A city of few lights

Manado is dark. Very dark. Not dark like the devil sort of dark; dark like it has a serious case of electricity shortage.

Well, actually, I do suspect that the city has a problem with electricity supply. The exhibition halls have been plunged into minutes of darkness the past two mornings, and the hotel has had a few seconds of complete darkness the past two nights. It is really freaky when the black-outs happen at night because the streets outside are so dark too, there’re no external lights to help illuminate the room.

The streets and roads are truly dark. They are only lit by lights from shops or houses along the roads or by a rare street lamp. There’s no way I can walk down the streets here after sunset without falling down.

I wanted so much to ask my Indonesian colleague why the city is like that, but restrained myself because I was afraid she might take that personally.

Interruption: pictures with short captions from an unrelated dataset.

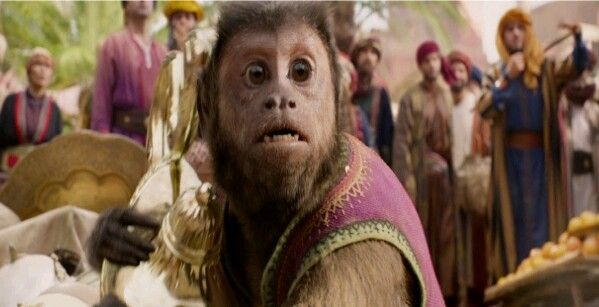 Monyet abu merupakan hasil olah digital (Sumber: Disney)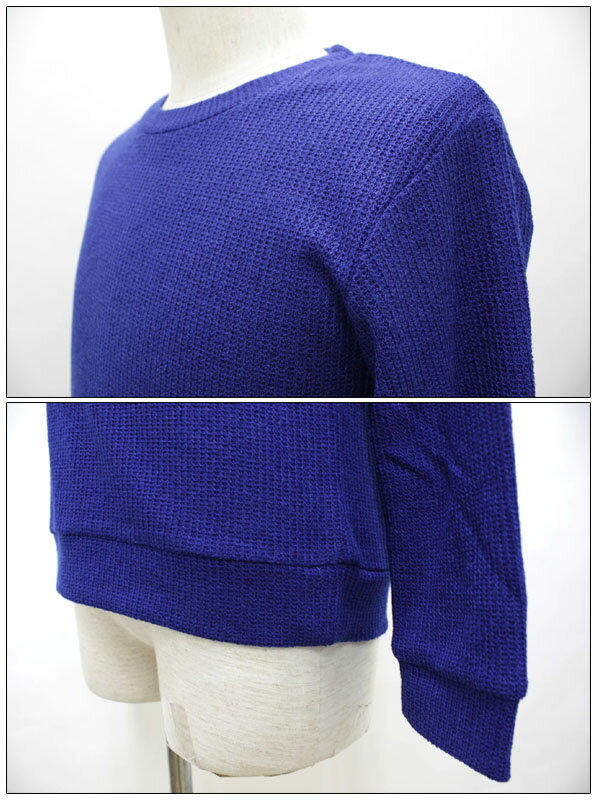 SLICK　【スリック】　ダブルクロスクルーネックニット　5168549　【10P09Jul16】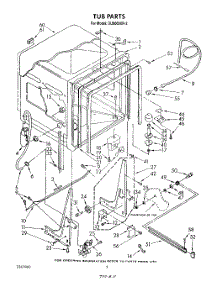 02 - Tub , Literature And Optional parts for Whirlpool Dishwasher DU9000XR2 from AppliancePartsPros.com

You know, some people can become suddenly patriotic. Like if a foreigner were to tell me that the people staying in Sembawang dressed like country bumpkins, even if that was an opinion I usually held, I’d be offended, insult his mother’s dress sense and pluck out his eyes.

But today, while driving through the city after dinner, my Indonesian colleague voiced her thoughts on how dark the city was.

The plucky woman had also asked the local tourism chief yesterday this: “So what’s up with Manado? Why is it always so dark?”

According to her, the chief looked genuinely surprised and asked: “Dark? Whatever do you mean?”

Hilarious! The man must have been so used to the lack of lights in the city that he failed to notice how dim the city is.

“He is in the dark about Manado being in the dark,” another colleague quipped.

Anyway, with a couple of international events mapped out this year for Manado, the chief told my colleague that the local government has upped the city’s electricity supply, which I hope will go into keeping more street lamps lit.